When the researchers tabulated the results, the U.S. students came out ahead in every category. U.S. seniors outperformed their peers overall; students from elite U.S. schools outclassed their counterparts at the other countries’ elite institutions; and the same was true for students at non-elite universities. (The differences among the scores of students in China, India, and Russia were not statistically significant, the researchers indicated.)

The study sets in relief an important but rarely mentioned point with regard to the sheer numbers of computer science graduates. U.S. universities graduate about 65,000 computer science students annually, compared with an annual total of 417,000 for institutions in the other countries studied. But those figures don’t tell the story of who will fill the most coveted slots at the world’s premiere tech companies. Loyalka and his collaborators note that the number of graduates supplied by China’s elite programs is approximately half the total number of graduates supplied by those in the U.S. India’s elite programs turn out only one-eighth the total number of graduates supplied by comparable U.S. schools)

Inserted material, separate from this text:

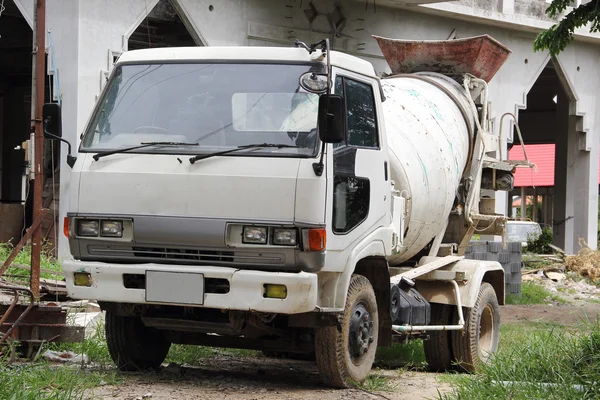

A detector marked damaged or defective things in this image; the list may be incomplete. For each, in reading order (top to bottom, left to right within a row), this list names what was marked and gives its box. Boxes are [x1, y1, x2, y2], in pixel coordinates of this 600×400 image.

rusty metal pole [30, 0, 46, 300]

The skills gap between the U.S. and the other countries studied is not a huge surprise (though the gap in performance is smaller at the elite schools), Loyalka told IEEE Spectrum. “CS departments and CS education in general have a longer history and are much more established in the United States than in China or India especially. A lot more is spent per student in the U.S. than in the other three countries. [But] given time and resources, the other three countries could catch up to the United States.”